**EXERCISE REQUIREMENTS**
Restate the data below word for word. Skip any images it contains.

**RECORD EXTRACTS**

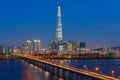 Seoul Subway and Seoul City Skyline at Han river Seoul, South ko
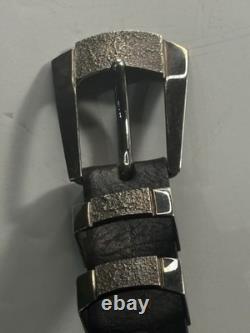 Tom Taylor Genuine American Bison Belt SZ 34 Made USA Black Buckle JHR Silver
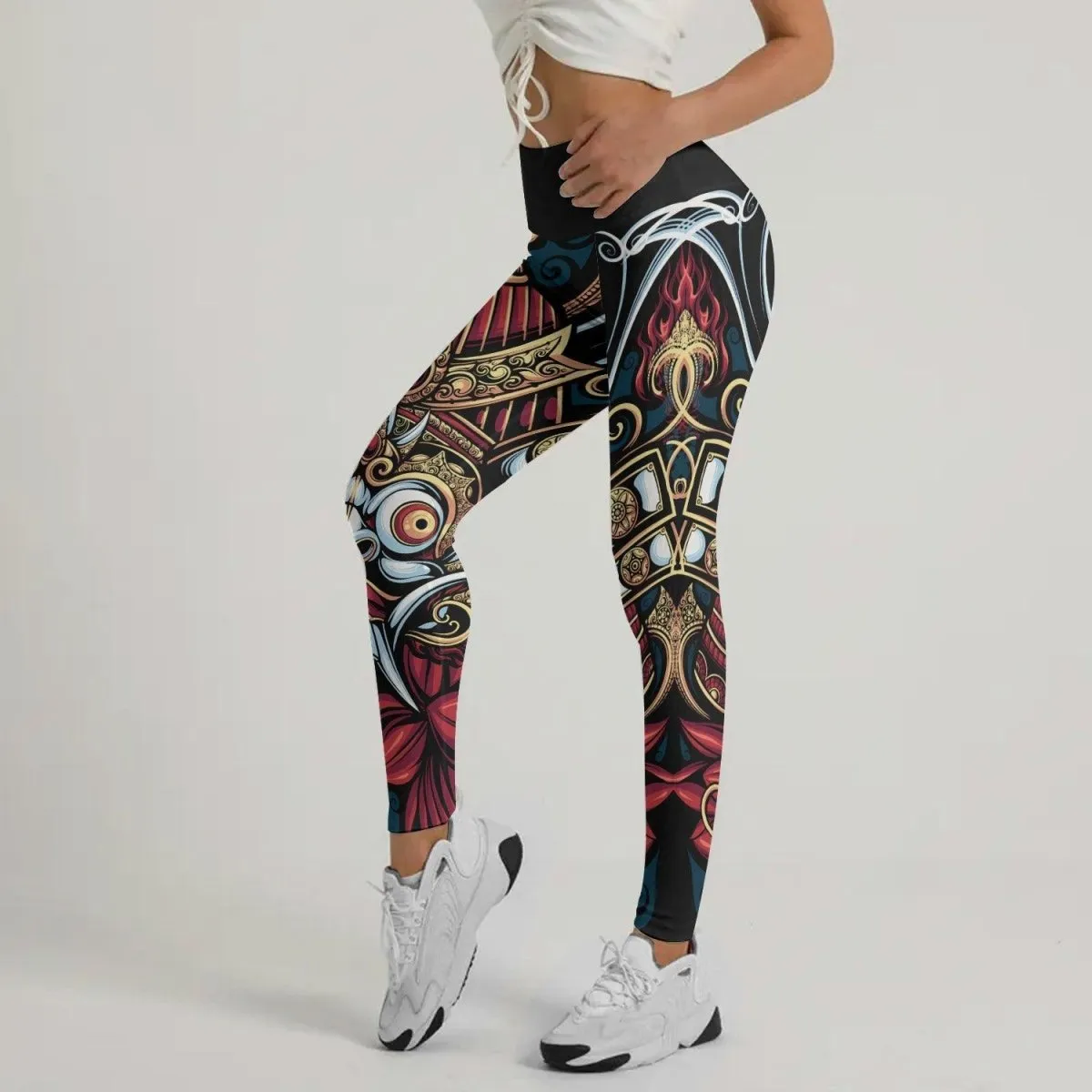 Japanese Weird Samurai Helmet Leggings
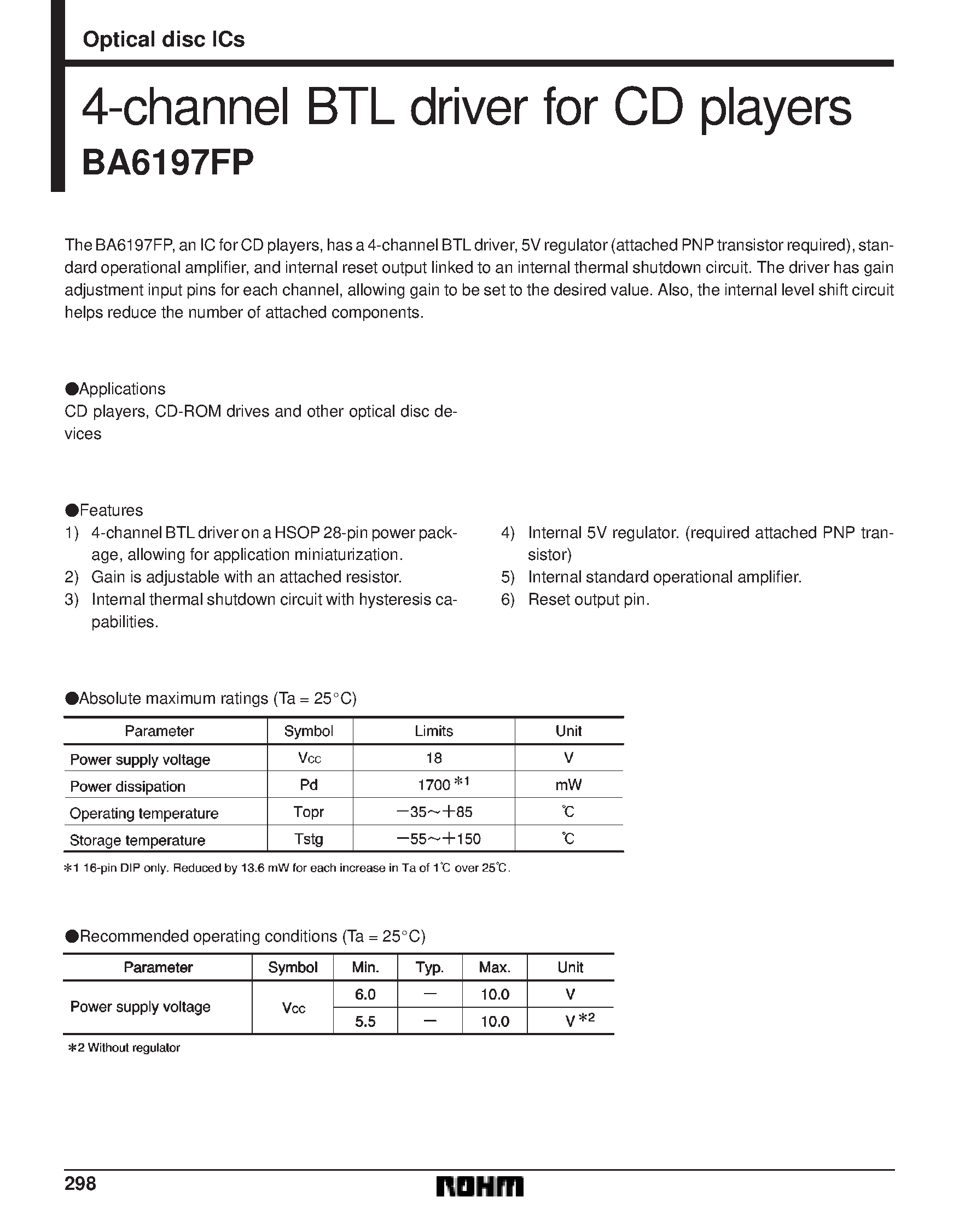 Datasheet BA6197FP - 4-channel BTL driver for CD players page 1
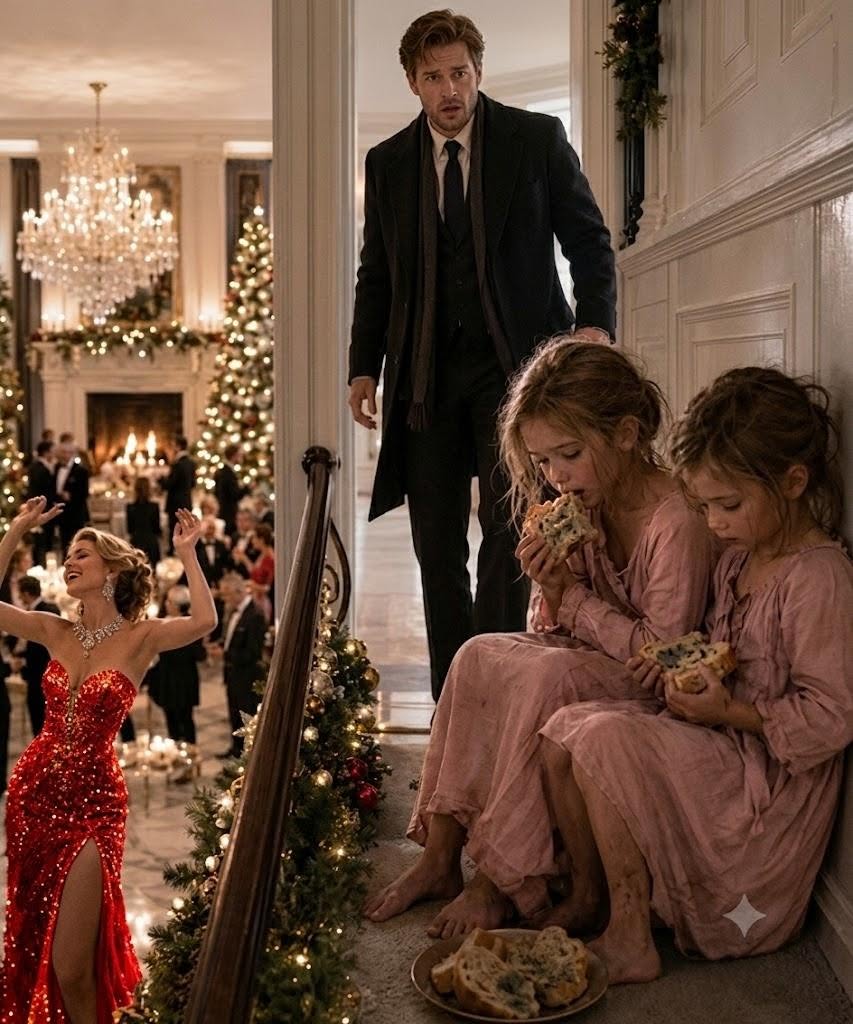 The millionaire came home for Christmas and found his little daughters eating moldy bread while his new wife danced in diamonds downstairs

**SOLUTION TO THIS PROBLEM**
 Seoul Subway and Seoul City Skyline at Han river Seoul, South ko
 Tom Taylor Genuine American Bison Belt SZ 34 Made USA Black Buckle JHR Silver
 Japanese Weird Samurai Helmet Leggings
 Datasheet BA6197FP - 4-channel BTL driver for CD players page 1
 The millionaire came home for Christmas and found his little daughters eating moldy bread while his new wife danced in diamonds downstairs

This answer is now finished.